No experiment is needed. LOOK AT A MAP. It's obvious that the road runs parallel with old 45. 45 today goes through paulding, heads south east, south, and then south west and eventually you find the turn where the paulding light viewing area is. That's why the light always goes down to the right. If you saw something else down by the river or in the trees then I will believe you but everything else is car lights.
I love how these dottoheads do so much research before enlightening us with such wisdom. Would be nice if you would actually read the posts on this forum and hear what people have seen instead of saying "if you see something else...... um yeah we saw other things that are not car lights, lmao. That would be why we don't know what it is..... we know what fricken car lights look like and i for one have said a hundred times i have seen car lights so thanks for solving the mystery for me that didnt exist. But i have seen other things that have no explanation yet. do your homework dittohead! You dont even know why i am calling you a dittohead cuz you didnt even read three posts up, too funny.

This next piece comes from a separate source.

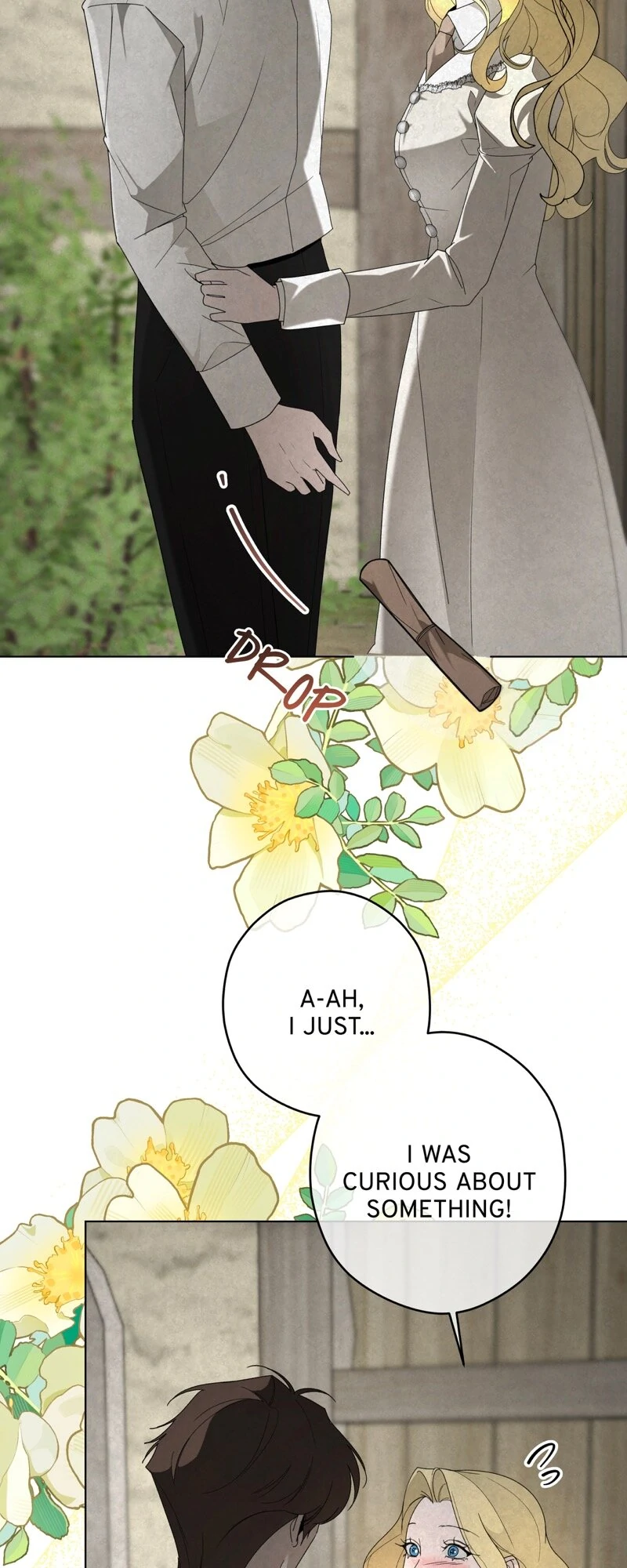 Tempting My Salvation Chapter 42 - page 5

i do not agree at all with that. go to this link....look at the map. go north of town to robins pond rd. you are facing north west at the sight of the guardrail blocking you from traveling any further down robins pond rd. you are not even looking towards hwy. 45, or old 45! there is nothing in the direction you are looking at the correct spot on robins pond road. any also, the light lasts for longer than 90 seconds.....and also, why does it only occur in 15 minute intervals (when i have been there)? your telling me cars only travel that road you are talking about in 15-20 min intervals? i think you too were at the wrong spot watching your car lights. here is the link of the spot. www.mapquest.com/maps/Watersmeet+MI/
You're a dumbass. I've been there and looked at a map and it's car lights. "Durrrrr...I live in the U.P. eh and I haz good education and talkz to janet about 3 toed ghouls. It can't be car lites cuz car litez only goes 500 foots dur" find robins pond rd....it goes northwest, you can only drive down that road approx. a mile to the viewing spot.